*** Block opens ***

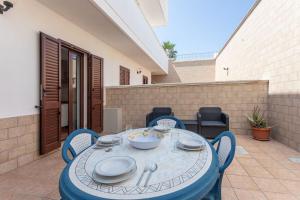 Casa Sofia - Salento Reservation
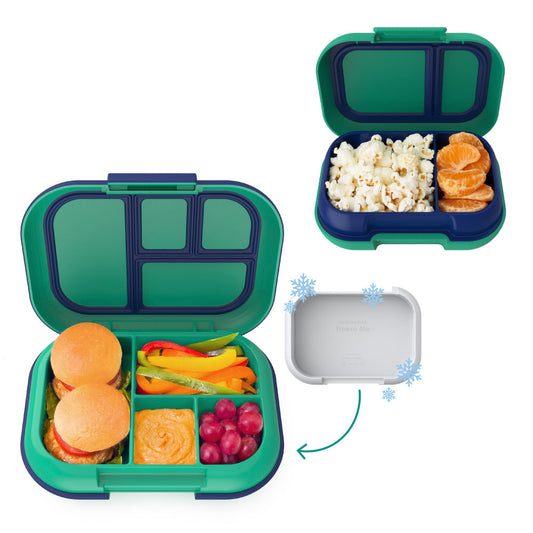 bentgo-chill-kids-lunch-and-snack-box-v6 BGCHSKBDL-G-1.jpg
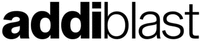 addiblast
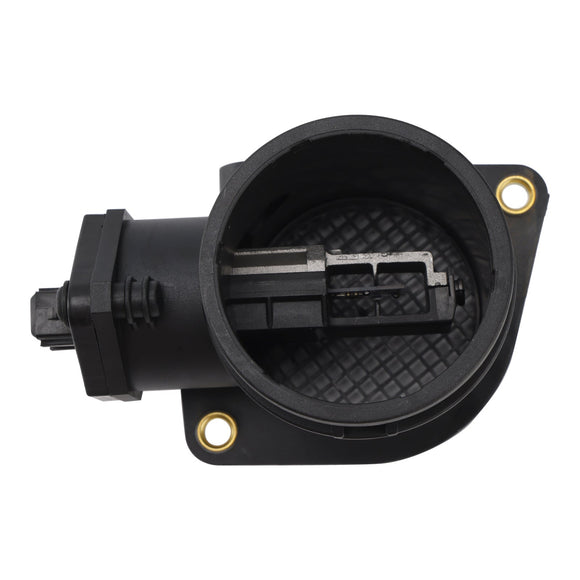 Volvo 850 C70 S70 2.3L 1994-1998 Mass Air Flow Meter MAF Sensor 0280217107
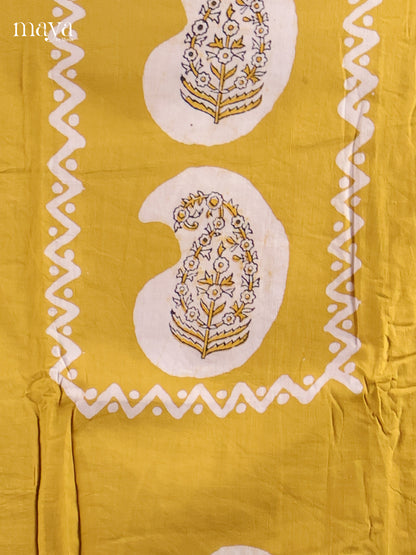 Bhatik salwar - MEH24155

*** Block closes ***

*Required action*. Repeat each line of the material exactly, and drop any image it carries.

*Exercise answer*.
 Casa Sofia - Salento Reservation
 bentgo-chill-kids-lunch-and-snack-box-v6 BGCHSKBDL-G-1.jpg
 addiblast
 Volvo 850 C70 S70 2.3L 1994-1998 Mass Air Flow Meter MAF Sensor 0280217107
 Bhatik salwar - MEH24155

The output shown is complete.